In the title story, Bolaño’s character speaks as a ghost. The story begins with the protagonist witnessing his own death on the dance floor of a Parisian club, after which he follows his body to the morgue where he begins to get used to his ghostly state. Bolaño treats this death with a kind of lightheartedness; his character declares, “I had died, which always comes as a surprise, except, I guess, in some cases of suicide.” He even allows for the ghost to speak of the entire incident as a kind of inconvenience: “I was getting more and more bored.”

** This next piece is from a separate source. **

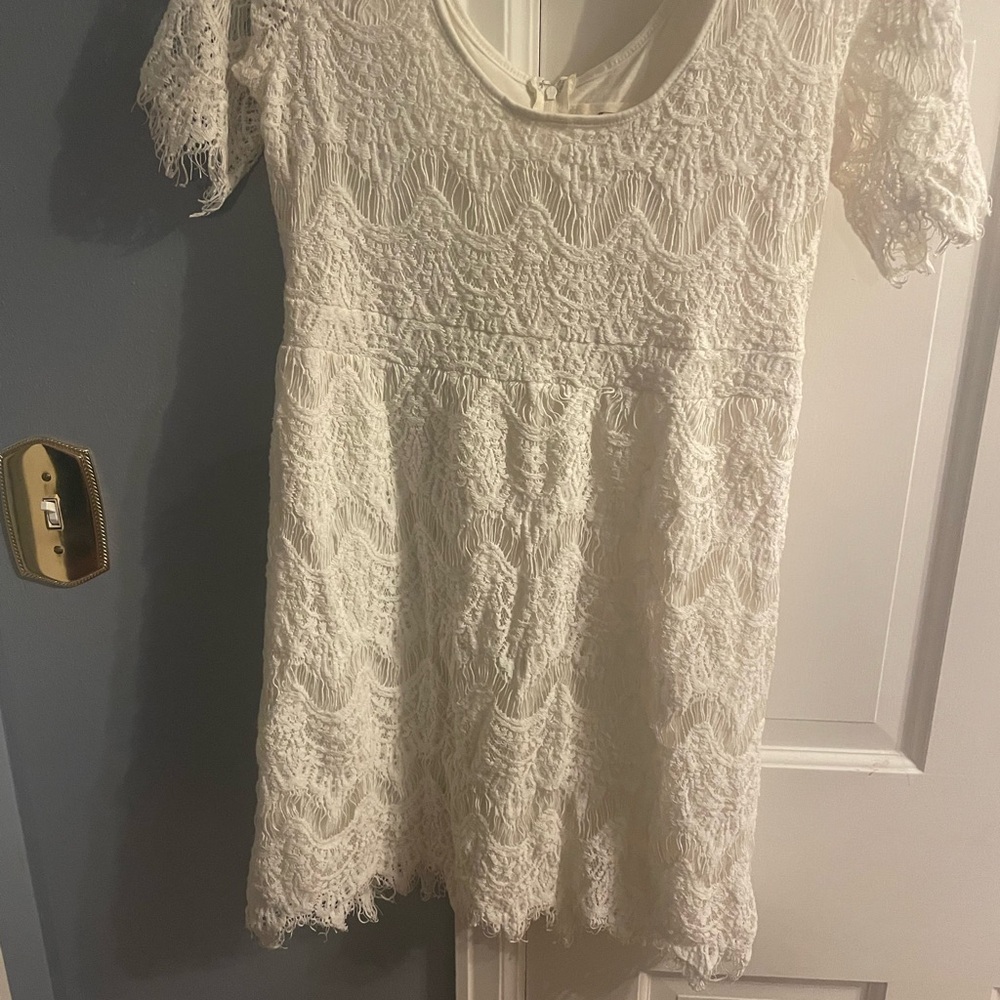 Anthropologie whimsical wedding graduation dress L lace ivory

Yet the boredom does not last, as the ghost watches a famous fashion designer molest his dead body. But what would normally be a disturbing turn of events is complicated by Bolaño’s unusual choice to narrate the story from beyond death. That is, Bolaño allows for his protagonist to retain control, and even authority, during the completely submissive act of necrophilia, by locating the narrative voice in death—the ghost is even able to calmly reprimand the fashion designer that he “should be ashamed.”
Indeed, all of the short stories in Bolaño’s “The Return” take a kind of disorienting form. While some are framed by the world of a dream or the world beyond death, others are more stylistically unusual: a ten page story is one sentence long, another is written entirely in dialogue. In the very beginning of “Meeting With Enrique Lihn,” the protagonist states that he is dreaming the entire sequence of events. Again, as he does in “The Return” with death, framing the story in a dream might initially suggest a relinquishing of control and responsibility on the part of the characters, yet Bolaño continually endows his characters with the understanding of the framework of the dream.
The protagonist in “Meeting With Enrique Lihn,” is acutely aware that things in his dream do not make sense, a fact that he makes quite clear in his narration: “Of course I knew that Lihn was dead, but when they offered to take me to meet him I accepted without hesitation,” he says. Even Lihn seems to be aware of the unreality of the situation, as the narrator observes: “And at that moment I knew Lihn knew he was dead.” Bolaño is continuously creating these kinds of strange details, these unusual events, and then allowing for his protagonists to become aware and comment on their peculiarity. Later the narrator observes, while studying his surroundings within the dream, “After a while I reached the conclusion that something was wrong. If the floor of Lihn’s apartment was glass and so was the roof of the bar, what about all the stories from the second to the sixth?”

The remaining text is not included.